The film, which revolves around the plight of a Muslim family on trial in court, and in society, because their son is a terrorist, has won critical acclaim.
A large chunk of the film is set in a courtroom with the judge delivering a climactic speech, defining the message of oneness and secularism that the film hopes to deliver in these fractured times.
"I wanted the audience to agree with him [judge], and I am hearing that people are standing and clapping in the final scene," says Sinha, adding, "He has ended up representing the thought of people, which is a huge victory."
Reacting to criticism that the film could have been subtler in delivering its message, Sinha said, "At a time when news channels are screaming louder than the worst crowd, you can't be subtle if you really want to say something important.
I was more interested in getting heard than being called subtle. Also, I have a take about such films. I insist that these films need to run. A film like this cannot be doing Rs 3 crore lifetime business, which means nobody saw it or only a niche audience saw it.
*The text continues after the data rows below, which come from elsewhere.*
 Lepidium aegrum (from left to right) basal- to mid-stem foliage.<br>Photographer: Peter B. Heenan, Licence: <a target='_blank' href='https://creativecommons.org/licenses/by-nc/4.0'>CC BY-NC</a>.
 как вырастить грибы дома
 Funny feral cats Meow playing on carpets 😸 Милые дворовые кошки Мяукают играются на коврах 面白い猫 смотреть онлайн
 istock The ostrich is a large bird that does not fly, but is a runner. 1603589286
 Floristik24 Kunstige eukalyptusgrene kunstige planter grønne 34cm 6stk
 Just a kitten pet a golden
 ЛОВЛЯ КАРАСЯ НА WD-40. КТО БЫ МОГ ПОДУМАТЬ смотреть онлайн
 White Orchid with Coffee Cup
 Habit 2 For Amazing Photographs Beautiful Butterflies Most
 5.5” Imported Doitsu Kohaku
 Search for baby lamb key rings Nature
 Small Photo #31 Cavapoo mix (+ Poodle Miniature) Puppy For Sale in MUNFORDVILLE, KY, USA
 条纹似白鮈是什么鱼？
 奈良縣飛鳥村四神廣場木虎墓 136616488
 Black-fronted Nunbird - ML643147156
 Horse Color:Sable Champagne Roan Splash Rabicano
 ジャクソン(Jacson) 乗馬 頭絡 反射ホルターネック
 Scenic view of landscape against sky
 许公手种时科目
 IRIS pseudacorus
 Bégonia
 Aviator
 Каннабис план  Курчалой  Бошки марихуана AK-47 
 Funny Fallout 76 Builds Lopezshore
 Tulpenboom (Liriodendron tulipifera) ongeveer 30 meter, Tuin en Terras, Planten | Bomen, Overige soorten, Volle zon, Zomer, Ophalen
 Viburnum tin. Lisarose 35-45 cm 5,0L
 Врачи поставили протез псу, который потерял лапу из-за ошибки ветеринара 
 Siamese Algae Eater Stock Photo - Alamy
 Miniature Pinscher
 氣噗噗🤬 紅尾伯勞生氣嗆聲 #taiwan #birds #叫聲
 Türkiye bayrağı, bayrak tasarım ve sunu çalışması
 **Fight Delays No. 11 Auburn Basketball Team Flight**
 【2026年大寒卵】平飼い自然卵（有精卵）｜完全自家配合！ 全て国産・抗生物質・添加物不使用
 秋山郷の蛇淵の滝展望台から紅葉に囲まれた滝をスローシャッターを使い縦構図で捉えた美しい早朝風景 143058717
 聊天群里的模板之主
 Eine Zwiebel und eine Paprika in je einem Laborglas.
I wanted everybody to see it. I wanted it to be accessible."
Fortunately, Mulk has earned R9.86 crore in four days since its release. Sinha, whose career has been chequered at best with films such as Tum Bin (2001) and Ra.One (2011), said Mulk is his best offering.
"Something must have shifted inside me that I changed as a filmmaker. Someone pointed out to me that I have started reading a lot over the past few years. Now, I will have to be more responsible."